As you know, through the efforts of the United States Navy, we recovered the flight data recorder from EgyptAir flight 990 and had it flown down here to Washington yesterday. Our engineers began working on the recorder in our laboratory immediately. After working late into the night, they took a break for a few hours, and have been back at work on the recorder since this morning.
Under the procedures we use, as well as Annex 13 of the International Civil Aviation Organization, the investigator-in-charge, Greg Phillips, is forming a flight data recorder group made up of specialists from the NTSB, the Federal Aviation Administration, Egyptian authorities, Boeing Aircraft Company and Pratt & Whitney Engines. It will be their job to read out in more detail and confirm all the data pertinent to this accident.
We do have some initial, preliminary data that we can share with you, but you must understand that it is preliminary, and I will not elaborate on it for you until the FDR group has had an opportunity to confirm the data.

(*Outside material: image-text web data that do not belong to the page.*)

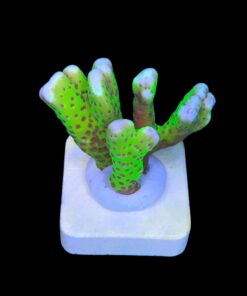 Alternative view of Slime Ball Anacropora M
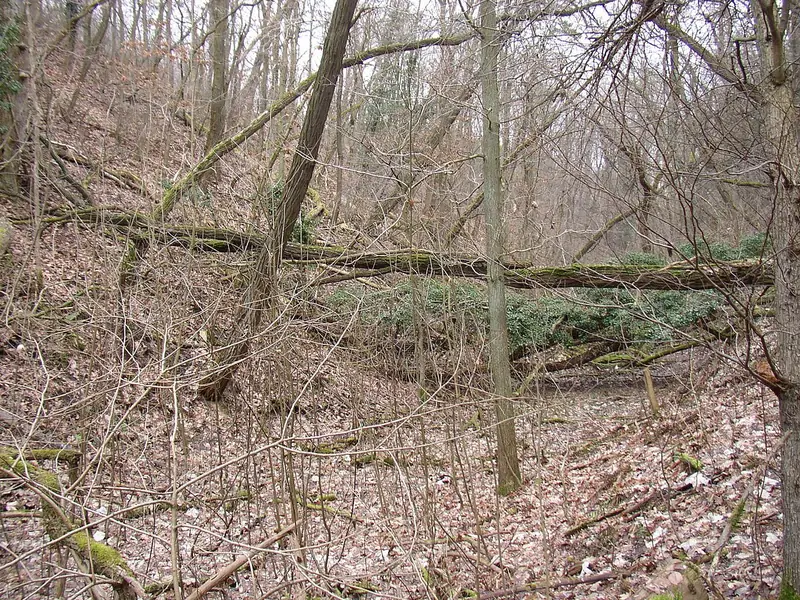  - Nature Reserve in Germany, Germany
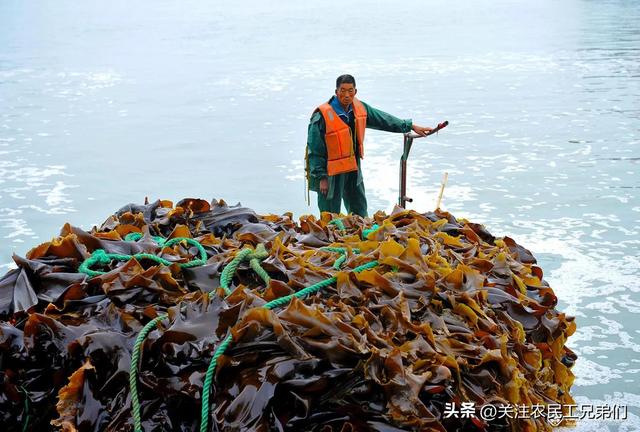 種植海帶每月工資（8000元一個月這個收曬海帶的長期活）(2)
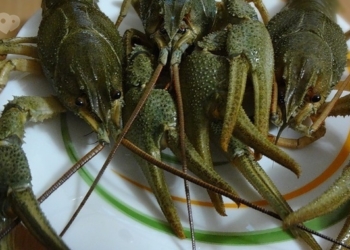 В Швейцарии законом запретили  держать раков на льду или варить их заживо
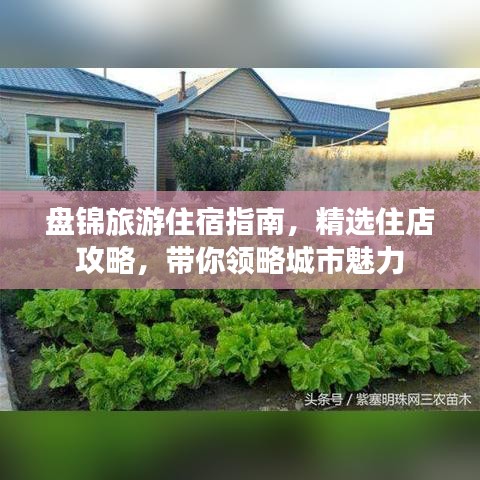 盘锦旅游住宿指南，精选住店攻略，带你领略城市魅力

The data show an uneventful flight, cruising in level flight at 33,000 feet. The first event we note in the data is the autopilot disconnecting. About 8 seconds later, the airplane begins what appears to be a controlled descent. Data recovered so far indicates the airplane descending to about 19,000 feet; we are still in the process of recovering data from the remaining 5 to 10 seconds. The altitude profiles portrayed by the radar data and the flight data recorder appear to be consistent. The recorded data ends about the time of the last transponder beacon return.
There is no evidence of thrust reverser deployment in the data we have. The aircraft does not appear to have reached supersonic speed during this descent.
We cannot expand upon the information we have for you at this time. We await information off the cockpit voice recorder, when it is recovered, that can help us put this information in context.
As we are awaiting recovery of the CVR and are just beginning extensive work on the FDR with the flight recorder group, I cannot tell you at this time when we'll have more recorder information to share with you.
Let me close by updating you on the Navy's recovery effort. Weather conditions continue to drive the pace of operations. Navy salvage assets have been actively employed to take advantage of the good weather over the last two days.
Unfortunately, heavy seas are anticipated Thursday, followed by a possible window of good weather on Friday and Saturday. NOAA ship Whiting is already back in port. The other smaller vessels involved in the recovery effort (Grapple, Mohawk, Oriole) will depart the salvage area this evening and arrive in port on Thursday to resupply and prepare to take maximum advantage of the predicted favorable weather conditions this weekend.
SSV Carolyn Chouest will remain on site conducting ROV operations as long as weather conditions permit, supported by USS Austin and U.S. Coast Guard Cutter Juniper.